Pertama, membangun belarasa kemanusiaan yang melampaui sekat-sekat kepentingan politik, ekonomi dan agama. Belarasa harus tumbuh dari proses pemanusiaan dalam kehidupan sehari-hari. Yesus dengan sangat tajam menegur keangkuhan hidup kita yang seringkali egois dan mengorbankan orang lain yang lemah dan tidak berdaya. “ Dan akan tanda-tanda pada matahari dan bulan dan bintang-bintang, dan di bumi bangsa-bangsa akan takut dan bingung menghadapi deru dan gelora laut (Lk 21,25).” Kita seringkali mengandalkan kekuatan manusiawi kita, dan kita lupa untuk mengandalkan kasih Tuhan. Bencana alam juga adalah bentuk teguran pada pertobatan hidup ini, agar kita tidak sombong dengan hidup kita yang kita rasa sebagai puncak prestasi dan kemapanan kita.

Kedua, solidaritas sebagai gerakan bersama perlu digalang, sebagai bentuk yang paling konkret untuk lebih dekat dengan begitu banyak korban bencana di negeri kita. Amat sangat mudah mengungkapkan rasa simpati dalam kata-kata indah, namun kita tidak memiliki empati hati dan empati tindakan. Kita kadang tidur nyenyak dalam kemapanan dan kemewahan kita.
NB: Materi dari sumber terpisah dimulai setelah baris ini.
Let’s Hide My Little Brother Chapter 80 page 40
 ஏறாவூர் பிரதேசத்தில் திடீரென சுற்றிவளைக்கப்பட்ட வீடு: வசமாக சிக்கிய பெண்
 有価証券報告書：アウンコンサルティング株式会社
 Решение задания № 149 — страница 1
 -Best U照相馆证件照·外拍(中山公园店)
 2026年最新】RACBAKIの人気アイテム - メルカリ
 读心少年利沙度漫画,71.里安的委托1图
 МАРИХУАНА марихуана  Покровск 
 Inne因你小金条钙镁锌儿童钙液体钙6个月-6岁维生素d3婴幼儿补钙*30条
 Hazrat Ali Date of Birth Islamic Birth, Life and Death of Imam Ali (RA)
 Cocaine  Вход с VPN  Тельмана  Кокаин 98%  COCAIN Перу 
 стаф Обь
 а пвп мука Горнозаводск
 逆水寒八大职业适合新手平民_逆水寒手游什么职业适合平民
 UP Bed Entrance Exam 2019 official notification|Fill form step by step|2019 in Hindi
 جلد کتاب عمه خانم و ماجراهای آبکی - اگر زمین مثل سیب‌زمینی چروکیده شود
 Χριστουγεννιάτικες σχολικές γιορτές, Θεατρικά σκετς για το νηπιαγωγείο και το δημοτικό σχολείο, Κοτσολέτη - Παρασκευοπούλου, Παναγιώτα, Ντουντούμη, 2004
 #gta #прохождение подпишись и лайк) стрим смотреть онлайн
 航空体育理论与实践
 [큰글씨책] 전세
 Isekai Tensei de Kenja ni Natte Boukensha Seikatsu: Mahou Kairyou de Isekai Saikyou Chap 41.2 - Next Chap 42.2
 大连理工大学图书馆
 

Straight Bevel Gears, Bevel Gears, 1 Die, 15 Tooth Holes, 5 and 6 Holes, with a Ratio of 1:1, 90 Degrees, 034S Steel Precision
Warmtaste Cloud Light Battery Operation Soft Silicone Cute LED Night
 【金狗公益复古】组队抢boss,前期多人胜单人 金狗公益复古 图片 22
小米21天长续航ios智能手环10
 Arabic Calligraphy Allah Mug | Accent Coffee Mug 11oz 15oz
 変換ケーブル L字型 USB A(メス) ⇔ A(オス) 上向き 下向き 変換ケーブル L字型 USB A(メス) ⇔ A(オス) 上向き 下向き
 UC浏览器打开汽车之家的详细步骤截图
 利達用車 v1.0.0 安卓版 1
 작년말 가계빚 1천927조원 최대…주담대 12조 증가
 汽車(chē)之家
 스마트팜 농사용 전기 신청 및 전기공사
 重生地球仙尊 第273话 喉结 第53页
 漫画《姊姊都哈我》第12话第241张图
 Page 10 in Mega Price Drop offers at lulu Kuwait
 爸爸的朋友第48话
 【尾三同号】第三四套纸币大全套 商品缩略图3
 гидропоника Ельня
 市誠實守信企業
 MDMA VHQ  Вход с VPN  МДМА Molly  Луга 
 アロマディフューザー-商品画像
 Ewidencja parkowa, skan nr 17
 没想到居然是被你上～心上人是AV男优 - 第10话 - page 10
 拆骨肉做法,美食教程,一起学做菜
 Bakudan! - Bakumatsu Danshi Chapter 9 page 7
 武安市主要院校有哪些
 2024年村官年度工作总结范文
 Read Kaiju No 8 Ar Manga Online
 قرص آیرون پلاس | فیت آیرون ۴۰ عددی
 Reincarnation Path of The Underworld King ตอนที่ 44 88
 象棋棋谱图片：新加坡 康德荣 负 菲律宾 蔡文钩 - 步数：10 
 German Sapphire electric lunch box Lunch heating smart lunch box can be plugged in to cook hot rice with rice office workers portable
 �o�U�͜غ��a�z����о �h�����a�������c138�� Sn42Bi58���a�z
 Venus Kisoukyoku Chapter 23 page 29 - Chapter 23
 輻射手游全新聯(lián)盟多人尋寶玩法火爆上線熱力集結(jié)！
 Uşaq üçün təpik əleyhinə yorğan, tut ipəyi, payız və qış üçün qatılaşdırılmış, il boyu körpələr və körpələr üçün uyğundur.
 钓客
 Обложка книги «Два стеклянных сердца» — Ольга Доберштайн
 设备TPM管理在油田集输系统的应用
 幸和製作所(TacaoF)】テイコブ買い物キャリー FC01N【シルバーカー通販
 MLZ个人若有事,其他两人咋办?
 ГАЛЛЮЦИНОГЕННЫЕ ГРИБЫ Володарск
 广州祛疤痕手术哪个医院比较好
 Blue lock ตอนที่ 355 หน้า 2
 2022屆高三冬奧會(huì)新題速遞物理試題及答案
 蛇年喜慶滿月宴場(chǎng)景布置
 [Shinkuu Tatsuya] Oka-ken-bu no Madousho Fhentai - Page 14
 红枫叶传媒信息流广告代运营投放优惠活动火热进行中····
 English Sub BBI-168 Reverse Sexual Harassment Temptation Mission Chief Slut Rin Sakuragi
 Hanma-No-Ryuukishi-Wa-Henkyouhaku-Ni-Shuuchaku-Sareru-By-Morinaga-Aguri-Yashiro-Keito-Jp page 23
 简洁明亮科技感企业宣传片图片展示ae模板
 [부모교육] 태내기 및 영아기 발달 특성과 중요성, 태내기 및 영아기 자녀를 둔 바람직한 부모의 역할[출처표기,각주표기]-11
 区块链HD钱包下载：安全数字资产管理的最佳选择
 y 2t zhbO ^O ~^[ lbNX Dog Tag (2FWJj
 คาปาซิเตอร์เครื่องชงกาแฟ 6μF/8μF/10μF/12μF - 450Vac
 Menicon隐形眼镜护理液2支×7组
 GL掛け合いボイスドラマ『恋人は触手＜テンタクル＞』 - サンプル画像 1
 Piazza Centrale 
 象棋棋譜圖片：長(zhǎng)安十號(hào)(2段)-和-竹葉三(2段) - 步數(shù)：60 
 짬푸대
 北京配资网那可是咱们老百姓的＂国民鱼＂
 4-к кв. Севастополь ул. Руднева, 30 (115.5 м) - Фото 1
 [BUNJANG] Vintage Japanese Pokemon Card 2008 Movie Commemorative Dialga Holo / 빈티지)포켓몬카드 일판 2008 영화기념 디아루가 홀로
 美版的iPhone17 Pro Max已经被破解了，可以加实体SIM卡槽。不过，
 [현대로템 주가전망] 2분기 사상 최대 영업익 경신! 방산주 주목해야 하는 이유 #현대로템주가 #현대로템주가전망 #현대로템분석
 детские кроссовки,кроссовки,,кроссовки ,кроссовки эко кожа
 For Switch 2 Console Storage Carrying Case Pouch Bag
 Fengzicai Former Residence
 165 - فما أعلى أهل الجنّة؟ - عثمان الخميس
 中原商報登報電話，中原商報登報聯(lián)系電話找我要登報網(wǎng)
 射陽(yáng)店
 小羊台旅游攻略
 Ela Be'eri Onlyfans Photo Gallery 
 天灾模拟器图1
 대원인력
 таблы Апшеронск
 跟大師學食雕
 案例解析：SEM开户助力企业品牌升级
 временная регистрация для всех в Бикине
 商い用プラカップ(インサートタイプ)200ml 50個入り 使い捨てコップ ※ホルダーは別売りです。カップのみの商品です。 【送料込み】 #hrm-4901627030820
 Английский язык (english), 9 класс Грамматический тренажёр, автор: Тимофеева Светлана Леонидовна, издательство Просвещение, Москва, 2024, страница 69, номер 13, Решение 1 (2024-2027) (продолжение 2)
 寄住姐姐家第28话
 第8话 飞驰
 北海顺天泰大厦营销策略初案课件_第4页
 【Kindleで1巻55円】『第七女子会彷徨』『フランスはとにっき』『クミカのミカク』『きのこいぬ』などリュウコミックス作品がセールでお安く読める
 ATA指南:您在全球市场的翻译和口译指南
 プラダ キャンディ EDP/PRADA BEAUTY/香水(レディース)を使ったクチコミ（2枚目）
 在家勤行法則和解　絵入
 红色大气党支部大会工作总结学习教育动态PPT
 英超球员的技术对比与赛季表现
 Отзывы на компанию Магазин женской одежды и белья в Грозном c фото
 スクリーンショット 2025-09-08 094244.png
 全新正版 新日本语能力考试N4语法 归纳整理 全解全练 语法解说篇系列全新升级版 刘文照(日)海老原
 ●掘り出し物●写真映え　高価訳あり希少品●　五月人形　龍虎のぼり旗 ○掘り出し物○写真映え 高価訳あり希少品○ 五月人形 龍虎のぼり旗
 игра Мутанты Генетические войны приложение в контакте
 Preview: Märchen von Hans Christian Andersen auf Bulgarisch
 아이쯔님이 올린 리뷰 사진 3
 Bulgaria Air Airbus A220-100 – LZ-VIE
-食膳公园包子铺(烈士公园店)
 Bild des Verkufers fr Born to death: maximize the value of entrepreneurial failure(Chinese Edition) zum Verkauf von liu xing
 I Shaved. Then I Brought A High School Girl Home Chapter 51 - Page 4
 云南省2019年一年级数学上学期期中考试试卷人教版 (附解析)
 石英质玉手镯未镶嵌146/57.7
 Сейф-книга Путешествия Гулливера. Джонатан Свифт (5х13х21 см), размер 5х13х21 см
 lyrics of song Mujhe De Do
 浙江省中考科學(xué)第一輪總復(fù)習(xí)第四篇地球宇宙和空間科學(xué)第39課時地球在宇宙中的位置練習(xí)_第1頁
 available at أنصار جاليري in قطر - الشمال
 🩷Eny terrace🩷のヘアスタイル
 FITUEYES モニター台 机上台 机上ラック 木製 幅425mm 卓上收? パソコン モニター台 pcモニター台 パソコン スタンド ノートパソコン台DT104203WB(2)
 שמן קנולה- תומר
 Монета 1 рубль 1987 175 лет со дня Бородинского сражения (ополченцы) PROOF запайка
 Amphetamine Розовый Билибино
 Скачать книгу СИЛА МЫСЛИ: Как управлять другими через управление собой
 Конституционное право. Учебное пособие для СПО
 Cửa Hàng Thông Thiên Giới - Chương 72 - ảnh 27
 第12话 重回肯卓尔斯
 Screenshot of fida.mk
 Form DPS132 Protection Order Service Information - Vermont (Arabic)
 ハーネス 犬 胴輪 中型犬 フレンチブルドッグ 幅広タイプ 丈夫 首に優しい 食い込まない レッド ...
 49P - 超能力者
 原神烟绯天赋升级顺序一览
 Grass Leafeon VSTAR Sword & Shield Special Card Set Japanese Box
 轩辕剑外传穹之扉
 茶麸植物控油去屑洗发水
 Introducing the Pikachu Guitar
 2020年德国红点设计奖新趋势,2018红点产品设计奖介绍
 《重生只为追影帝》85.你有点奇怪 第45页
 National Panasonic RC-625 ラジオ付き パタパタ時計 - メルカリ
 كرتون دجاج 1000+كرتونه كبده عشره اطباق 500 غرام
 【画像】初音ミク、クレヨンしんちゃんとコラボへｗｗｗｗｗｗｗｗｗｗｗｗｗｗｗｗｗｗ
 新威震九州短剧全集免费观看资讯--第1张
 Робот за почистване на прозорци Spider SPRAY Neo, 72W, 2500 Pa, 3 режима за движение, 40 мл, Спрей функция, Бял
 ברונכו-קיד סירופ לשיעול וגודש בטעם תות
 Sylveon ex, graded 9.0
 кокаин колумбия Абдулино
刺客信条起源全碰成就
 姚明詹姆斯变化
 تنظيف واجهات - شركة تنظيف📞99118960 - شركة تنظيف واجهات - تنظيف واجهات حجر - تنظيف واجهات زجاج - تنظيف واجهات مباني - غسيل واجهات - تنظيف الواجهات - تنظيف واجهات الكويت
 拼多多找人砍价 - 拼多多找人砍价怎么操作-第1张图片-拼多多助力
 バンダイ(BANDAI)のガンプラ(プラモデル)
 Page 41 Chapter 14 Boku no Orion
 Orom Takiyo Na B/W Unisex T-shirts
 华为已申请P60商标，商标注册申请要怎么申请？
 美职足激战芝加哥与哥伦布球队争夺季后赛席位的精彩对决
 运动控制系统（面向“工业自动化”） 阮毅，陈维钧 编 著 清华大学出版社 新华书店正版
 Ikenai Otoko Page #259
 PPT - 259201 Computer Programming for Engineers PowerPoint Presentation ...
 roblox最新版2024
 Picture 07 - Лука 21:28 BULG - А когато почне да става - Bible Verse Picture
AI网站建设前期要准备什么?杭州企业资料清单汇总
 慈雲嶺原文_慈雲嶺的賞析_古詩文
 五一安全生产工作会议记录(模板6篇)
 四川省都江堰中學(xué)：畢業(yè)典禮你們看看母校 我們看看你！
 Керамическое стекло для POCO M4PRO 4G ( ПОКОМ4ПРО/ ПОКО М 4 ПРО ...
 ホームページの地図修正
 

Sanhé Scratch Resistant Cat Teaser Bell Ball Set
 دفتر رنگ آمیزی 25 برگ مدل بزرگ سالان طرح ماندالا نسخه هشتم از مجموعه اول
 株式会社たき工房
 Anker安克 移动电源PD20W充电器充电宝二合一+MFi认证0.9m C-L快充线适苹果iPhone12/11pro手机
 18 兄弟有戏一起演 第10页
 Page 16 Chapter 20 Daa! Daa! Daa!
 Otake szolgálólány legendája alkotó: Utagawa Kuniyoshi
Solidaritas harus berbuah, uluran tangan bagi mereka yang tertimpa dalam setiap musibah kehidupan ini. Yesus kembali menegur kita dalam amanatnya:” Pada waktu itu orang akan melihat anak manusia datang dalam awan dengan segala kekuasaan dan kemuliaanNya. Apabila semuanya itu mulai terjadi, bangkitlah dan angkatlah mukamu, sebab penyelamatanmu sudah dekat (Lk 21,27-28).”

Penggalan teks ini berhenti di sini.